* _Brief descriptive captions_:

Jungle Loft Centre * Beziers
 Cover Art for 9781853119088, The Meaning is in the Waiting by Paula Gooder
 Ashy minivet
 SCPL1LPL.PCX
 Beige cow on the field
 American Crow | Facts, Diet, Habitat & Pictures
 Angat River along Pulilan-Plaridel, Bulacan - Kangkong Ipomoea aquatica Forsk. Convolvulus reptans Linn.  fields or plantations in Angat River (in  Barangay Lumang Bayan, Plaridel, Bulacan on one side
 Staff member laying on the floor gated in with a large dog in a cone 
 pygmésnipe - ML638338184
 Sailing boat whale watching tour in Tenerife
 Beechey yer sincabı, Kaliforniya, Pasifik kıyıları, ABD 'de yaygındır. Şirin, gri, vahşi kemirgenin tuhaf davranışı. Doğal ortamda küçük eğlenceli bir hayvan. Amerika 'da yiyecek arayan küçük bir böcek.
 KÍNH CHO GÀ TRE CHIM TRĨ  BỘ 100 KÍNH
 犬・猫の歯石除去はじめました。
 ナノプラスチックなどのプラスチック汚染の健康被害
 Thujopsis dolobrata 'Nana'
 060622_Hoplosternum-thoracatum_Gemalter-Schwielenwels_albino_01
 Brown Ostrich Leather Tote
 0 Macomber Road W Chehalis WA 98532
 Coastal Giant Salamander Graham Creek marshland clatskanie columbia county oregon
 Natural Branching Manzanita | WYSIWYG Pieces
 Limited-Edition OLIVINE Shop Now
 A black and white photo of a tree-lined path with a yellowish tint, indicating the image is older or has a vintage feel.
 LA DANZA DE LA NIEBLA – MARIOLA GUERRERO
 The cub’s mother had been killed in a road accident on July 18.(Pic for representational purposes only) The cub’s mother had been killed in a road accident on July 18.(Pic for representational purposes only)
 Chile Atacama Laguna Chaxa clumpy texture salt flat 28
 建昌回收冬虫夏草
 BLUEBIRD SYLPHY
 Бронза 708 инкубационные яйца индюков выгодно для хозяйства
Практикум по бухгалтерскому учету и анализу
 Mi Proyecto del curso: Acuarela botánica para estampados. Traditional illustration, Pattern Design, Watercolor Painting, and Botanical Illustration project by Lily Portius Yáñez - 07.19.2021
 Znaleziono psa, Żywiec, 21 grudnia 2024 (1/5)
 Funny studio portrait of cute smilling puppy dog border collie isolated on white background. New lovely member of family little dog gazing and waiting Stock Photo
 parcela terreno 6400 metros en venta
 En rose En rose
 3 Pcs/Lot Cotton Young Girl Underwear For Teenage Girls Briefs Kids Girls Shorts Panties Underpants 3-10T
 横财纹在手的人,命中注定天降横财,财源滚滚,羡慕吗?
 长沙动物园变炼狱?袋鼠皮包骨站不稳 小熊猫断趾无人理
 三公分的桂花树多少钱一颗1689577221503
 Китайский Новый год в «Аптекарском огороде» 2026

* _PROBLEM DESCRIPTION_: Could you write out, exactly, each line of the data above from the one containing "Бронза 708 инкубационные" through the last, including both?

* _SOLUTION_:
 Бронза 708 инкубационные яйца индюков выгодно для хозяйства
Практикум по бухгалтерскому учету и анализу
 Mi Proyecto del curso: Acuarela botánica para estampados. Traditional illustration, Pattern Design, Watercolor Painting, and Botanical Illustration project by Lily Portius Yáñez - 07.19.2021
 Znaleziono psa, Żywiec, 21 grudnia 2024 (1/5)
 Funny studio portrait of cute smilling puppy dog border collie isolated on white background. New lovely member of family little dog gazing and waiting Stock Photo
 parcela terreno 6400 metros en venta
 En rose En rose
 3 Pcs/Lot Cotton Young Girl Underwear For Teenage Girls Briefs Kids Girls Shorts Panties Underpants 3-10T
 横财纹在手的人,命中注定天降横财,财源滚滚,羡慕吗?
 长沙动物园变炼狱?袋鼠皮包骨站不稳 小熊猫断趾无人理
 三公分的桂花树多少钱一颗1689577221503
 Китайский Новый год в «Аптекарском огороде» 2026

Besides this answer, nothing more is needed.